-- Task brief --
If an entry includes an image, drop the image and copy the rest verbatim.

-- Data in this exercise --
* * * *

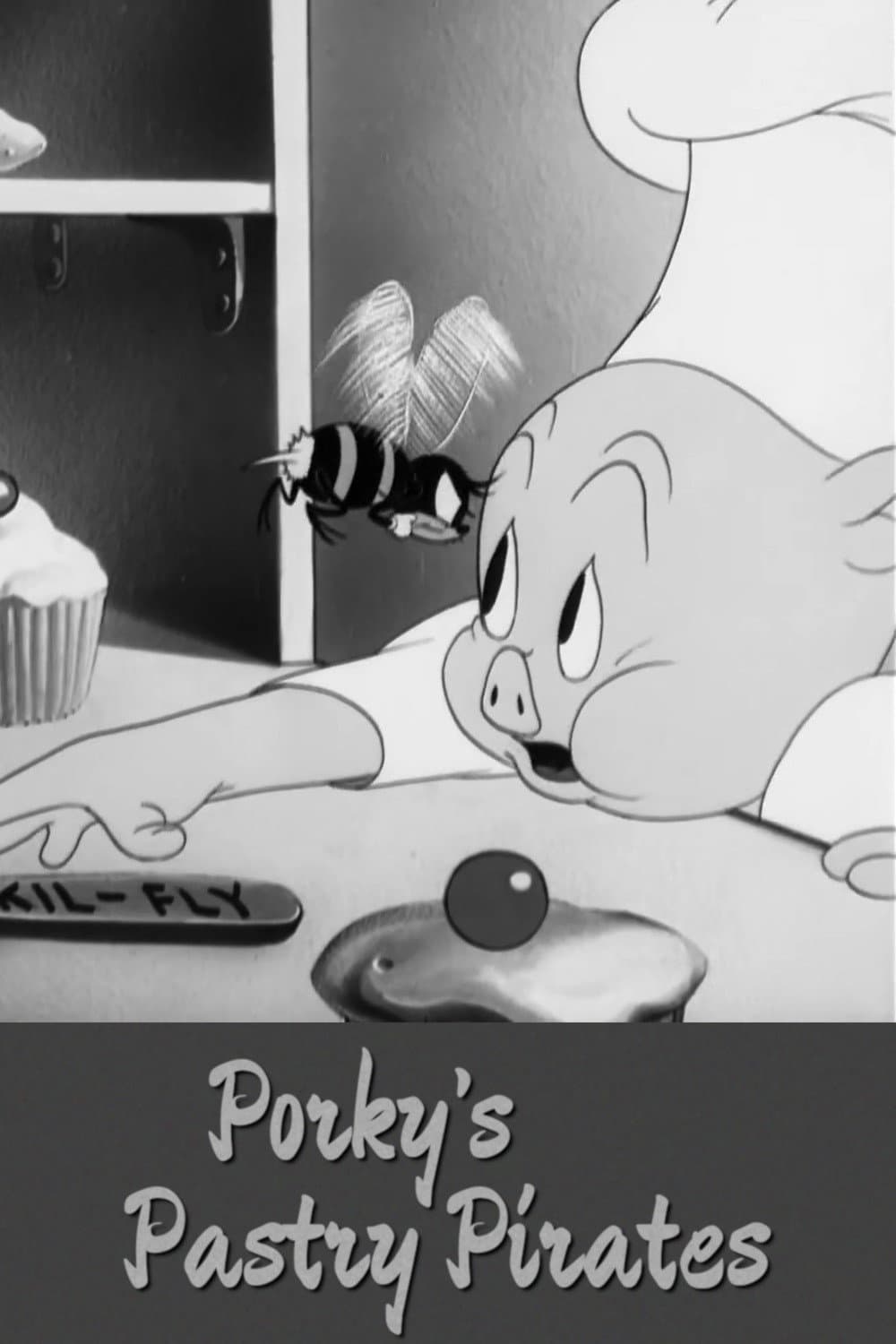 Poster di Porky's Pastry Pirates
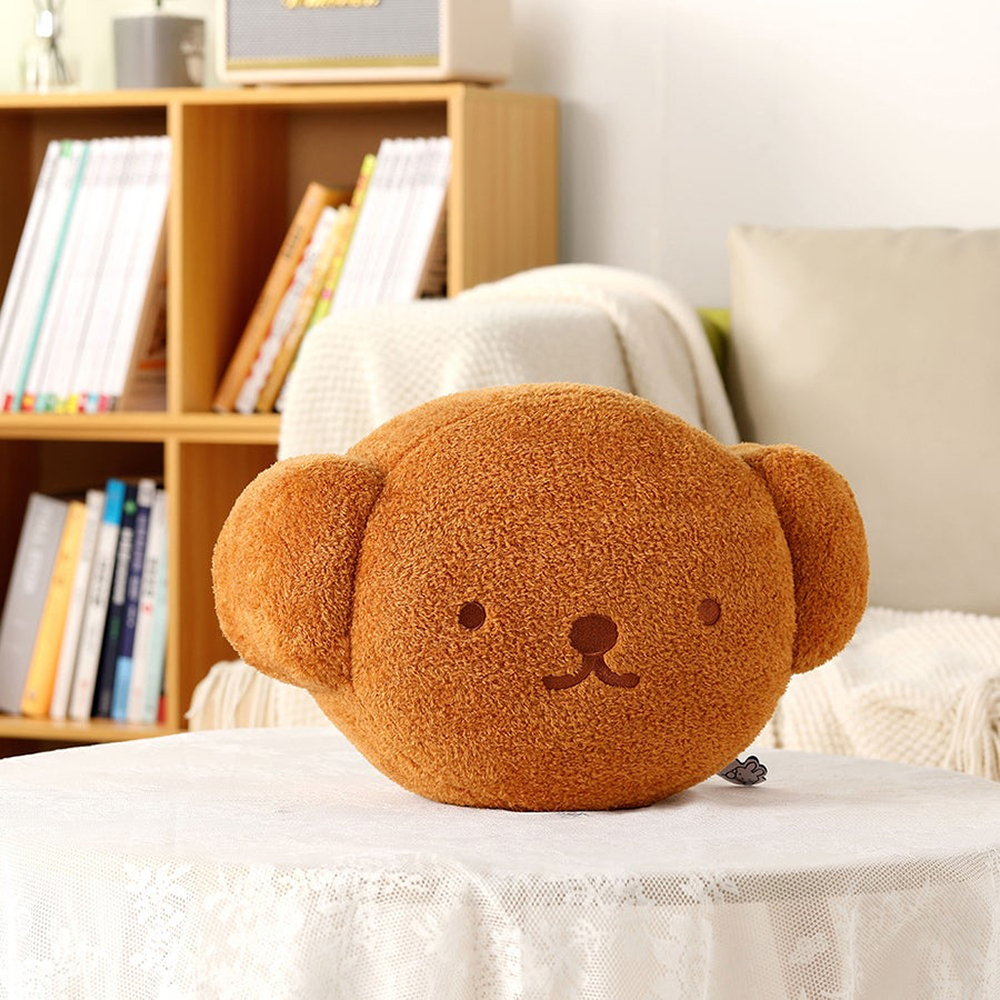 【MIFFYxVIPO】Boris大頭抱枕 / 38cm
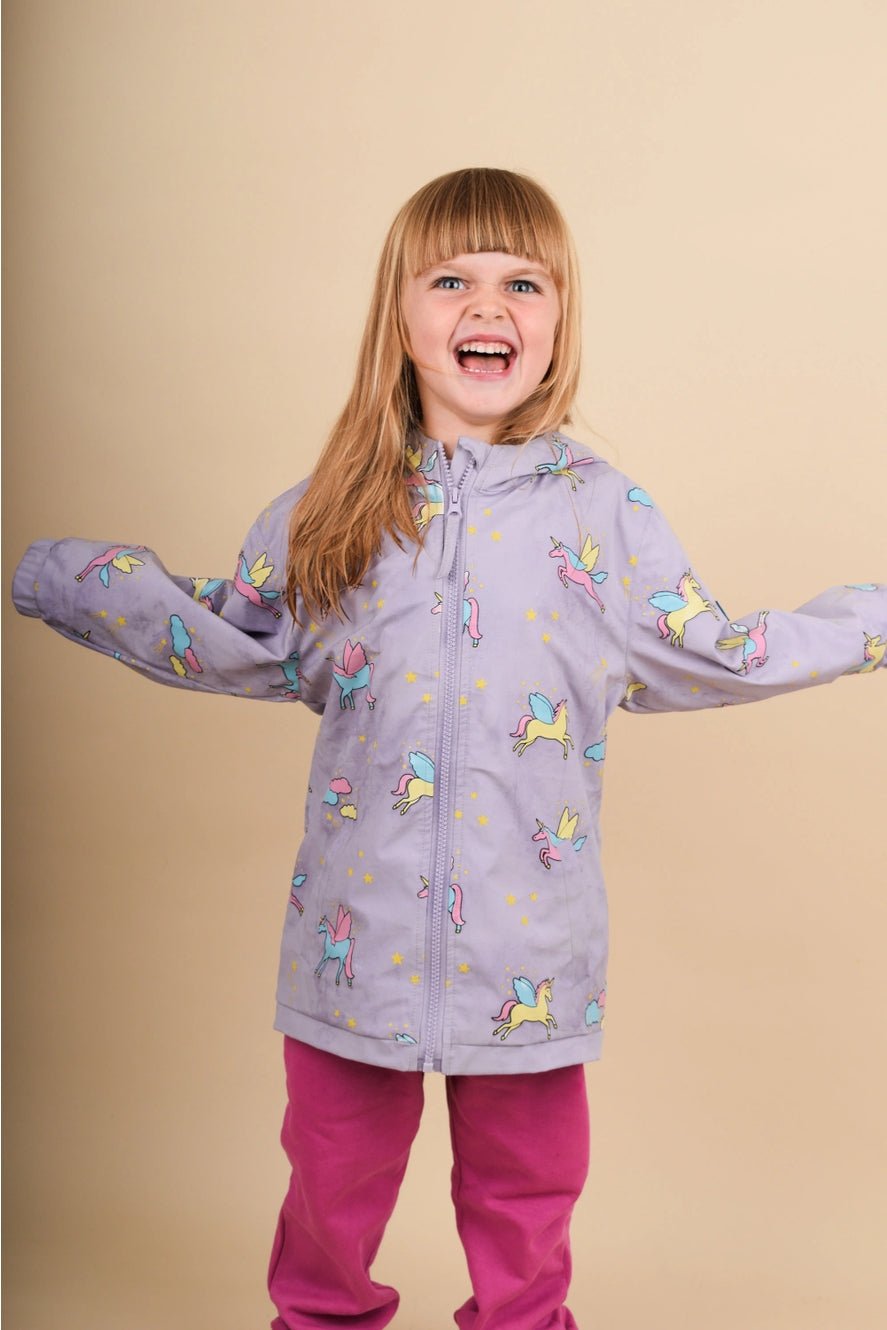 Unicorn Color Changing Raincoat - 2Y - Joy Gift Shoppe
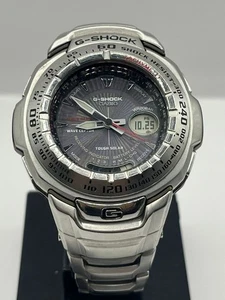 Reloj CASIO G-SHOCK GW-1600J Hombre RESISTENTE SOLAR Cuarzo Esfera Negra Japón - Rango B - Imagen 1 de 7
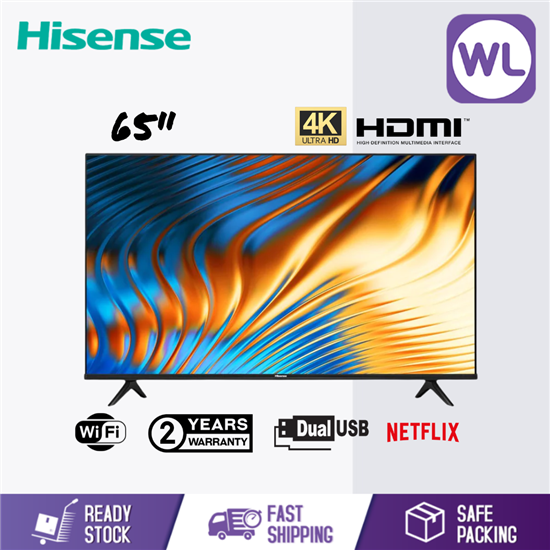 Picture of HISENSE 4K Vidaa LED TV 65A6100H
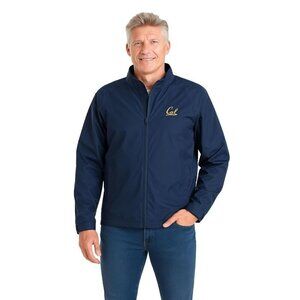 Men's Cutter & Buck Navy Cal Bears CB WeatherTec Full-Zip Jacket Size XL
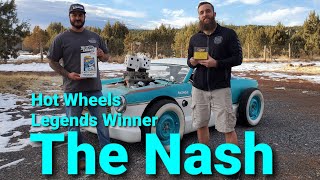 Hot Wheels Legends Tour The Nash Interview With The Creator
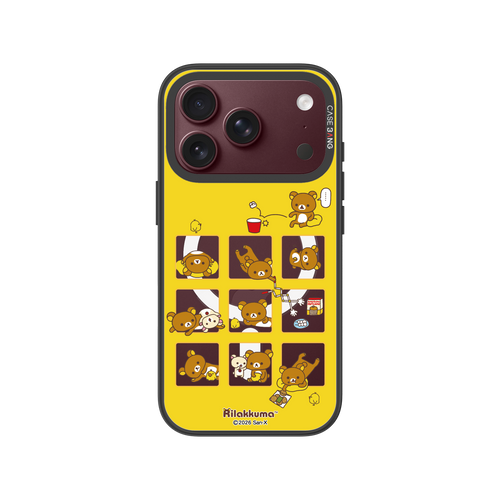 Rilakkuma Photo Grid Snap-On Phone Case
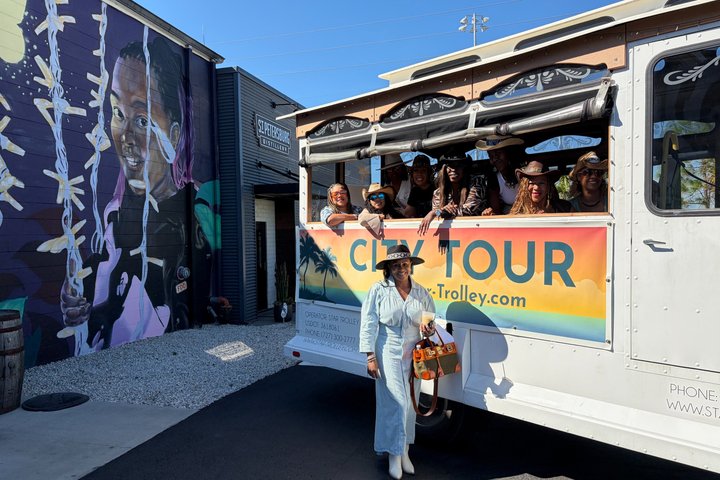 Tampa City Trolley Tour - L'ULTIME TOUR TOUT-EN-UN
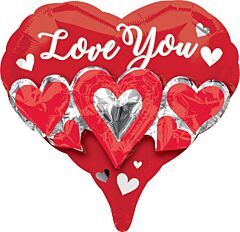 18" Three Times The Love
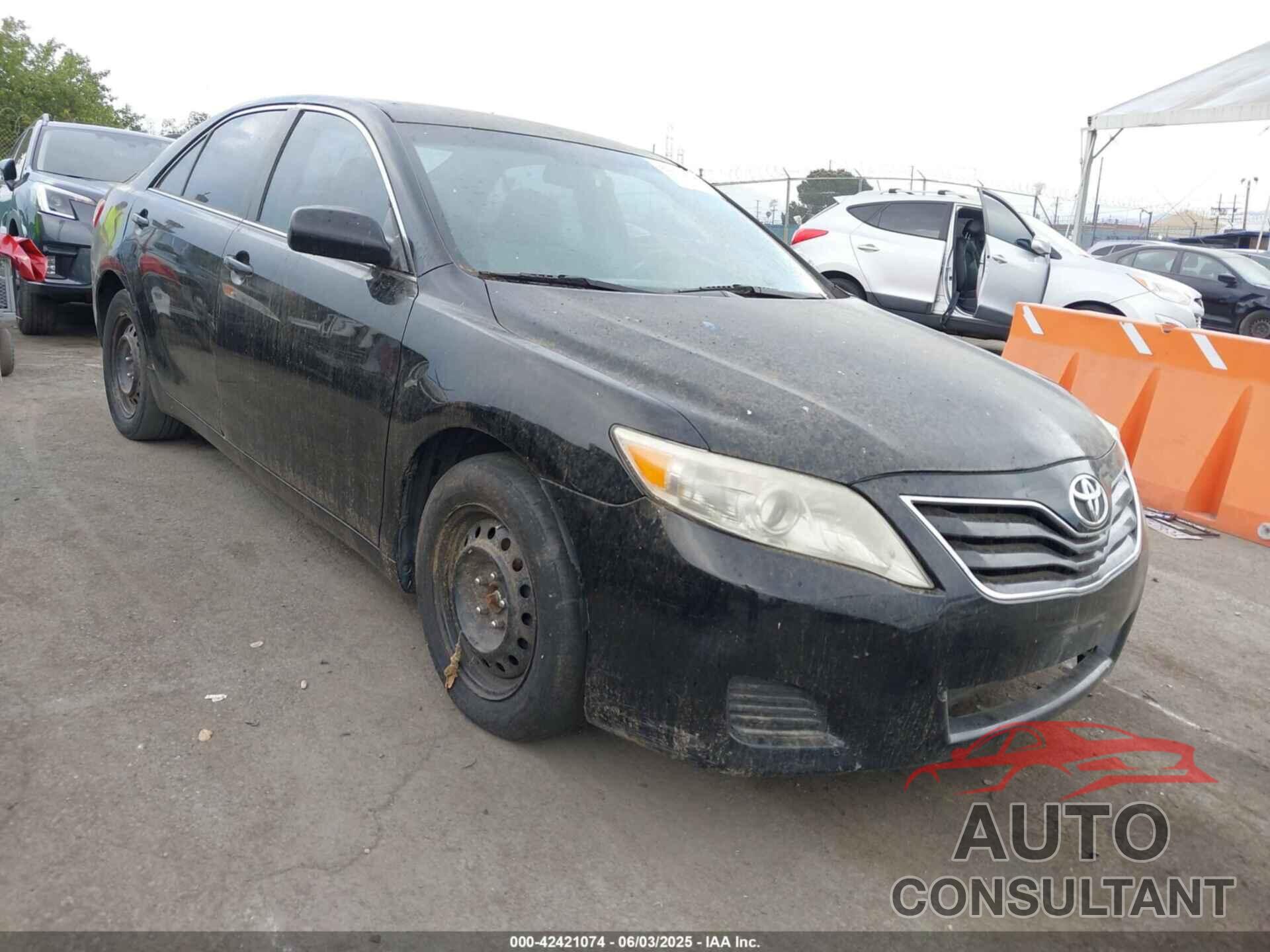 TOYOTA CAMRY 2010 - 4T1BF3EK9AU541945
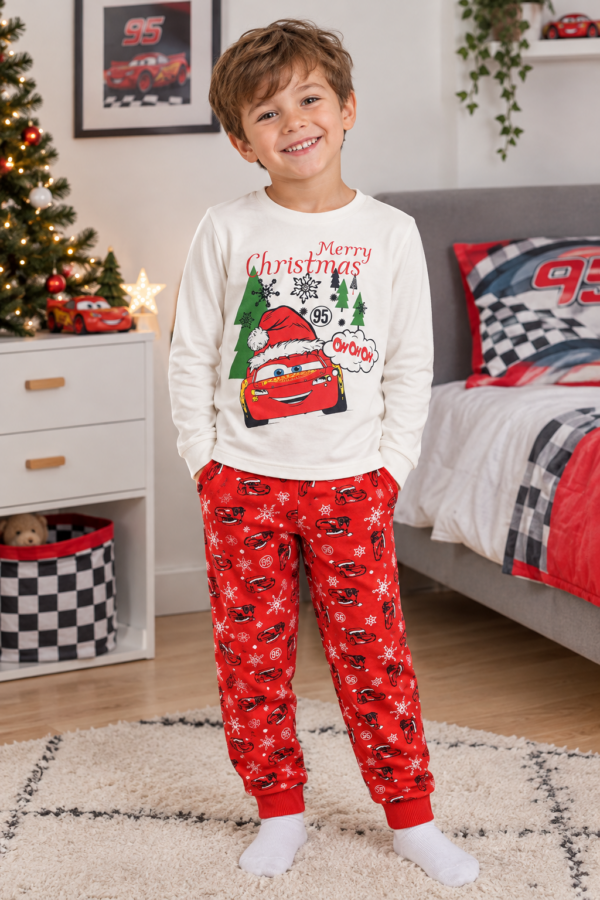 Disney Cars Kerst Pyjama Katoen
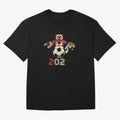United 2026 Soccer Mascots North America Tournament T-Shirt_83157189 Classic T-Shirt Support Your Favorite Stars during Match Day Hype around FIFA World Cup 2026, Messi, England, France and Netherlands, Vintage Soccer Flavor, Modern Football Stars,
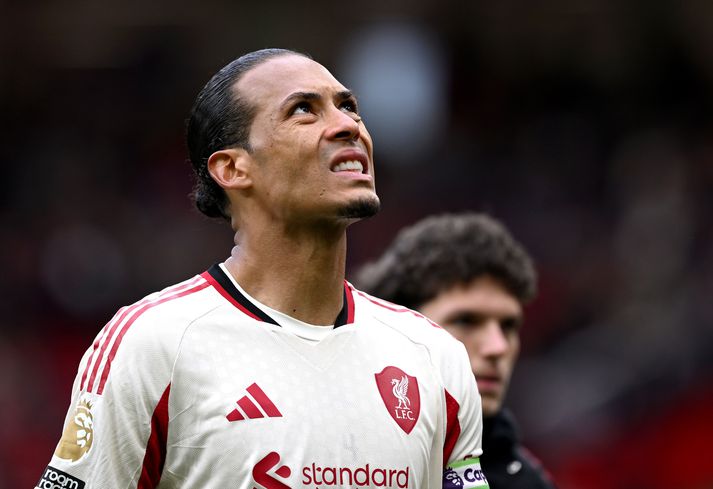 Virgil van Dijk er ósáttur með gengi Liverpool á þessu tímabili.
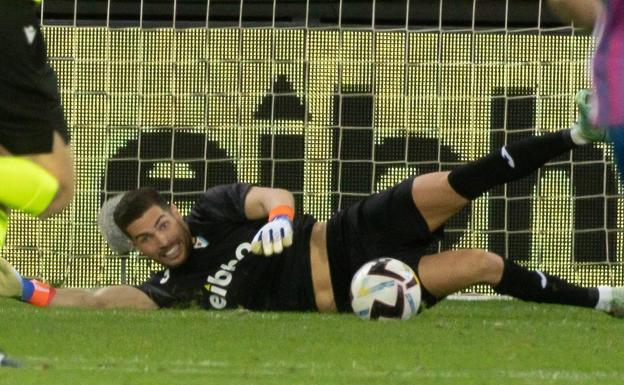 Luca Zidane, un debut agridulce ante el Albacete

* * * *

-- Expected answer --
 Poster di Porky's Pastry Pirates
 【MIFFYxVIPO】Boris大頭抱枕 / 38cm
 Unicorn Color Changing Raincoat - 2Y - Joy Gift Shoppe
 Reloj CASIO G-SHOCK GW-1600J Hombre RESISTENTE SOLAR Cuarzo Esfera Negra Japón - Rango B - Imagen 1 de 7
 Picture of HISENSE 4K Vidaa LED TV 65A6100H
 Men's Cutter & Buck Navy Cal Bears CB WeatherTec Full-Zip Jacket Size XL
 Hot Wheels Legends Tour The Nash Interview With The Creator
 Rilakkuma Photo Grid Snap-On Phone Case
 Tampa City Trolley Tour - L'ULTIME TOUR TOUT-EN-UN
 18" Three Times The Love
 TOYOTA CAMRY 2010 - 4T1BF3EK9AU541945
 Disney Cars Kerst Pyjama Katoen
United 2026 Soccer Mascots North America Tournament T-Shirt_83157189 Classic T-Shirt Support Your Favorite Stars during Match Day Hype around FIFA World Cup 2026, Messi, England, France and Netherlands, Vintage Soccer Flavor, Modern Football Stars,
 Virgil van Dijk er ósáttur með gengi Liverpool á þessu tímabili.
 Luca Zidane, un debut agridulce ante el Albacete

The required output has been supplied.